What is session tracking?
Session tracking (for those who haven't heard of it) is a concept
which allows you to maintain a relation between 2 successive requests
made to a server on the Internet. Whenever a user browses any
website, he uses HTTP (the underlying protocol) for all the data
transfers taking place. This ofcourse is not important to the
user. But it is for you as a programmer. HTTP is a stateless protocol.
When a user requests for a page the server returns that web page
to the user. When the user once again clicks on a new link the
server once again sends the new page that was requested. The server
(because of the use of HTTP as the underlying protocol) has no
idea that these 2 successive requests have come from the same
user. The server is not at all bothered about who is asking for
the pages. All it does it return the page that has been requested.
This is exactly what stateless means. There is no connection between
2 successive requests on the Internet.
What does HTTP being stateless have to do with session tracking?
There are many instances where some sort of connection is required
between 2 requests made by a user. And since all transfers on
the WWW use HTTP at the lowest level this sort of connection cannot
be made. For example if you are at a website buying books online,
then you may add books to your Cart and continue searching for
more books. Every time you click on a new page your old selected
books in the Cart should not disappear. In case you use the default
way the WWW works, then since 2 successive request (by the same
user) have no connection, there would be no books in your Cart
every time you click on a new link. I mean every click would be
considered as a separate request and no having no relation to
previous request. Thus as you browse, all the information that
relates to you should be maintained and should be carried on as
you browse more and more. Your previous Shopping Cart contents
should be present when you want to add a new book to the Cart.
This is what session tracking enables you to do. It lets you maintain
a active session as long as you are browsing. And it gives HTTP
a sort of new quality with every successive request having some
relation to previous requests within the same session.
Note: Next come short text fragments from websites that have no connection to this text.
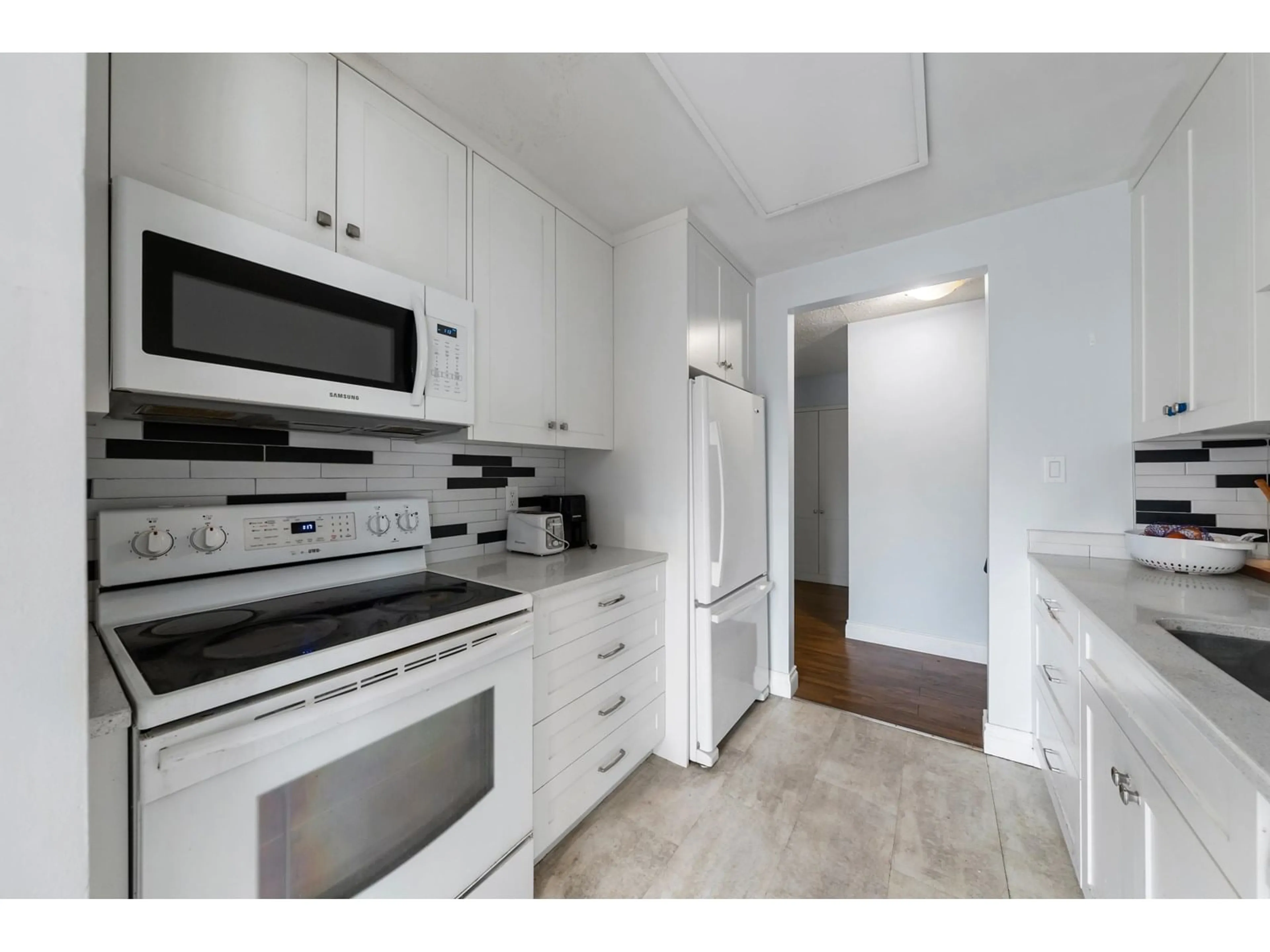 Standard kitchen, unknown for 202 - 33870 FERN, Abbotsford British Columbia V2S6C3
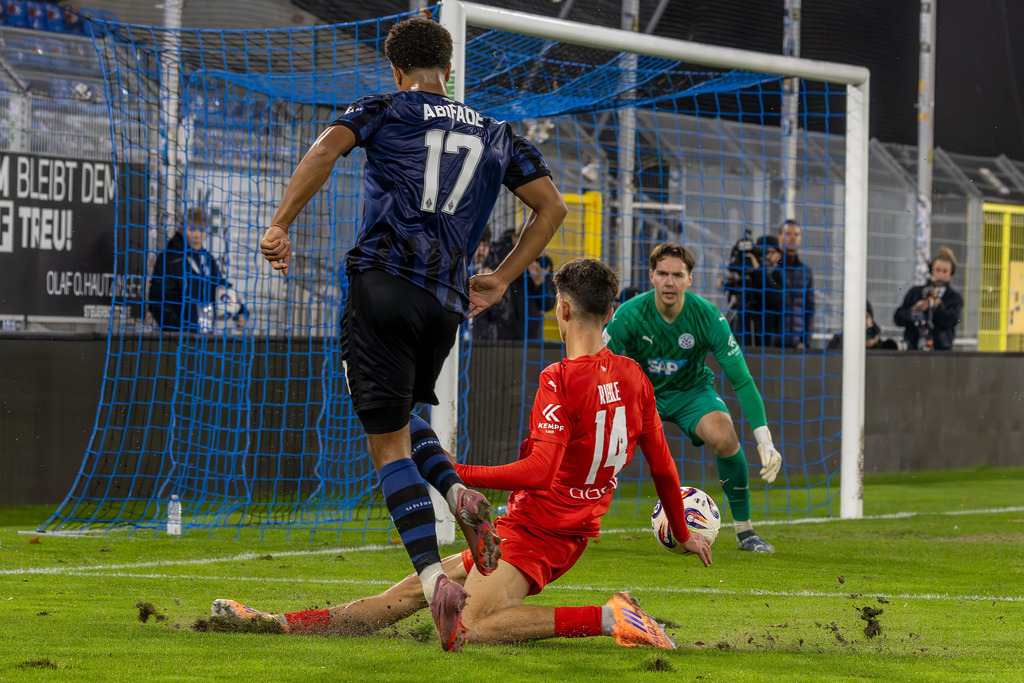 Fußball, Badischer Pokal 2025/26, Viertelfinale: Waldhof Mannheim gegen FC-Astoria Walldorf | Fußball, Badischer Pokal 2025/26, Viertelfinale: Waldhof Mannheim gegen FC-Astoria Walldorf***Bild: Gute Torchance für Samuel Abifade (17, Mannheim) - Realisiert mit Pictrs.com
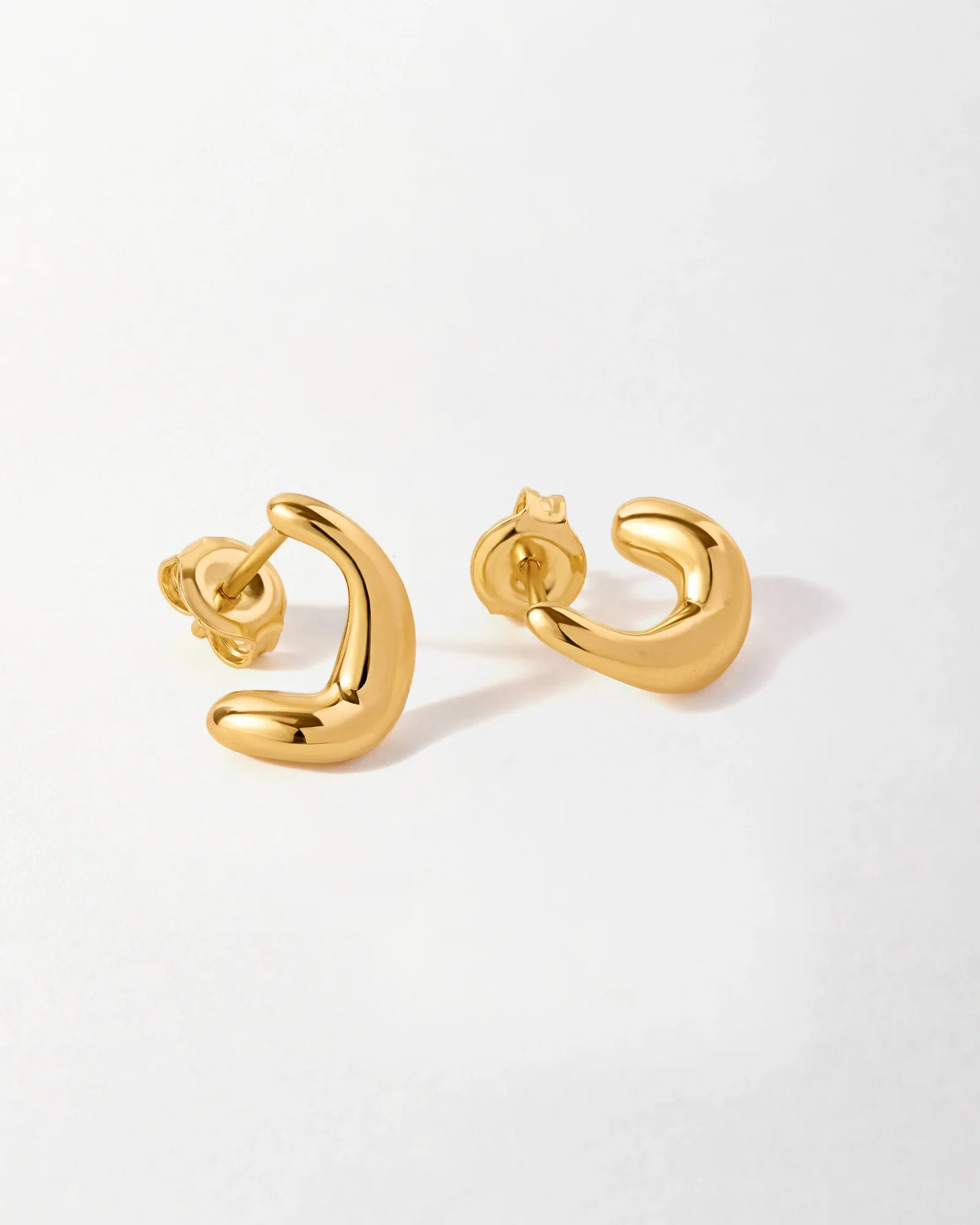 Image of Twist Stud Earrings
Session tracking is so common that you may not even realise that
it is present. You might be used to it. It is used on almost every
possible site you visit on the net. For example at Hotmail once
you enter your username-pass and you reach your inbox, had there
been no session tracking then every time you click on a particular
link in your inbox, you would be asked for your password. This
would be the case since there would be no way to understand that
the one who had originally entered his username-password is the
same person who is currently asking for more pages. Session tracking
allows you to store the information that you have successfully
logged in and this information would be checked every time you
do any thing within your inbox. Thus you would not be asked to
enter your password with every click. I can give you thousands
of examples where session tracking is used, but I guess you have
got the point.
Now lets begin with the actual way to implement session tracking.
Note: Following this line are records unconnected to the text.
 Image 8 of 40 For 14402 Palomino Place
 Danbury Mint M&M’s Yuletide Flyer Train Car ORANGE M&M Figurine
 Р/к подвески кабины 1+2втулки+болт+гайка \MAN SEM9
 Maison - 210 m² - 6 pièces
I shall explain 2 ways to implement session tracking
1. Hidden Fields In Forms
2. URL Rewriting
Also I conclude the article with a few lines on cookies which
is also used for session tracking.
Hidden Fields In Forms
This is the simplest and most easy way to implement session tracking.
I find this method extremely useful to get the work done quickly.
I can explain this with the help of the example I was speaking
about - A Cart to hold your books.
In case you visit a site and you are presented a list of books
with checkboxes next to each of them. You could select books and
click on a Add to Cart Submit button. A sample code for such a
page is shown below.
Remember this is just what the code may look like and not the
exact page. You should try to understand the logic rather than
focus on the syntax. Also remember that these are all dynamic
pages being generated using some language such as JSP.
<b>Search
results for books</b>
<form method="post" action="serverprogram.jsp">
<input type="checkbox" name="bookID"
value="100">Java Servlet Programming<br>
<input type="checkbox" name="bookID"
value="101">Professional JSP<br>
<input type="submit" name="Submit"
value="Add to Cart"><br>
</form> |
Suppose
a page similar to the above one was generated when the user searched
for some books. The above page has only 2 search results. There
is a Form with 2 checkboxes, each next to the name of a book and
a Submit button to add any selected books to the Cart.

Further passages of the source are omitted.